## Supplied information
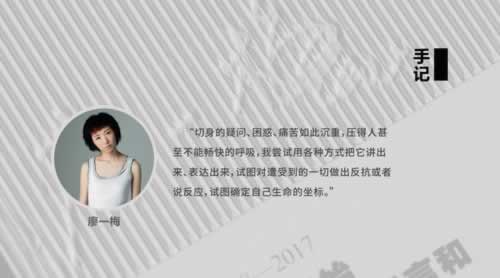 网上赢钱提现失败风控部门审核什么情况（图）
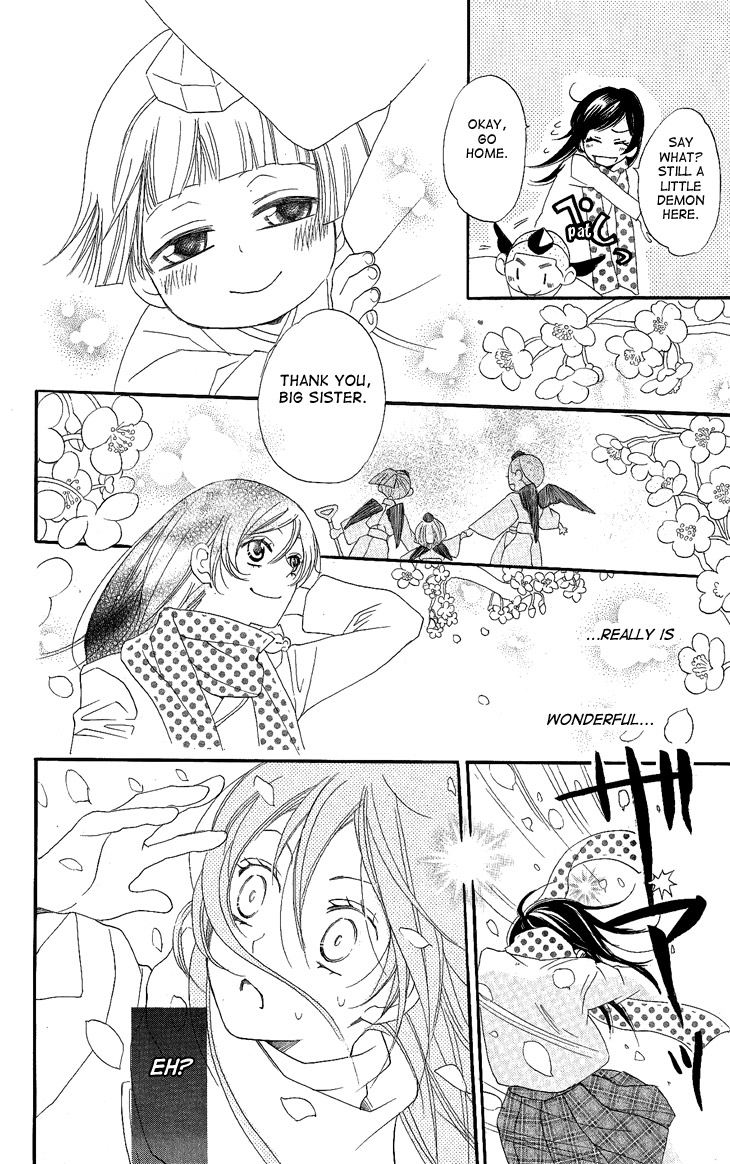 Read Kamisama Kiss (en) Manga Online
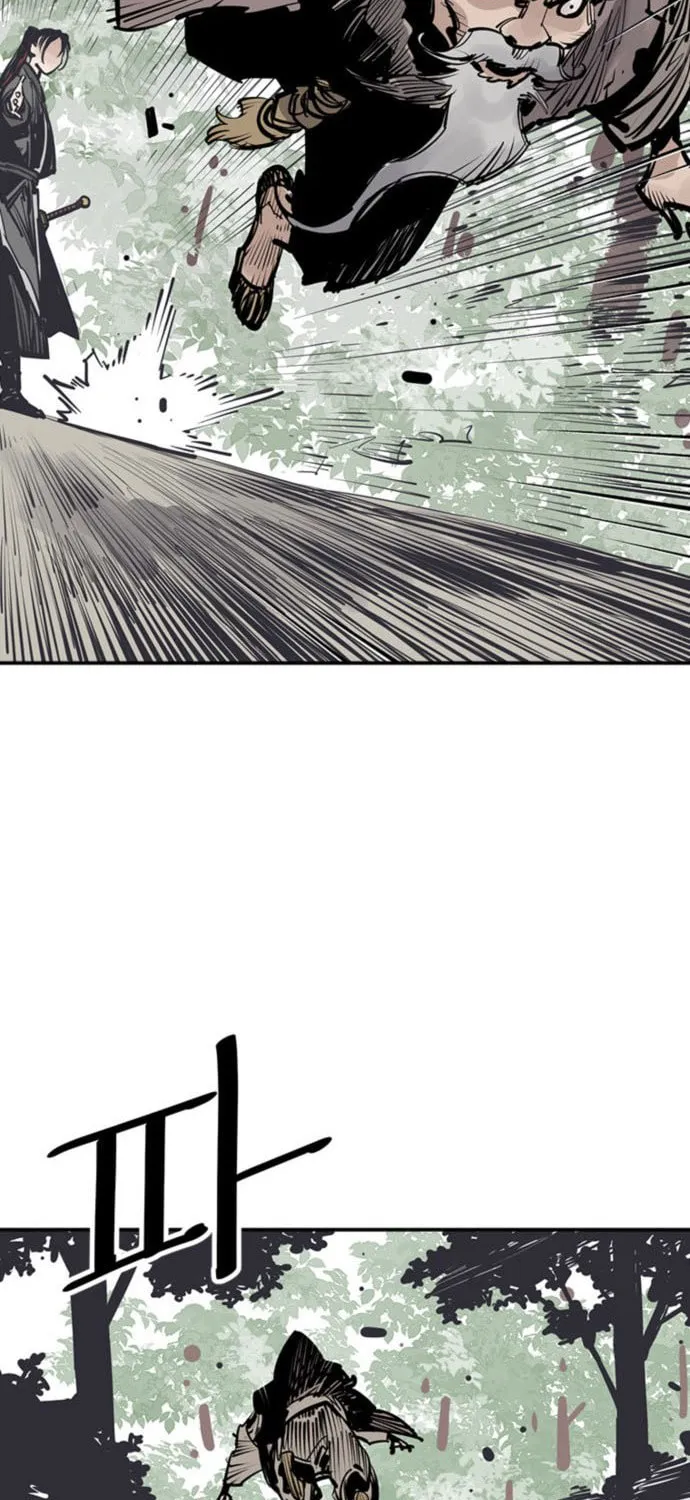 Shashin Chapter 54 page 27 -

## Exercise aim
Give the data above again in full and unchanged, skipping the pictures.

## Task solution
 网上赢钱提现失败风控部门审核什么情况（图）
 Read Kamisama Kiss (en) Manga Online
 Shashin Chapter 54 page 27 -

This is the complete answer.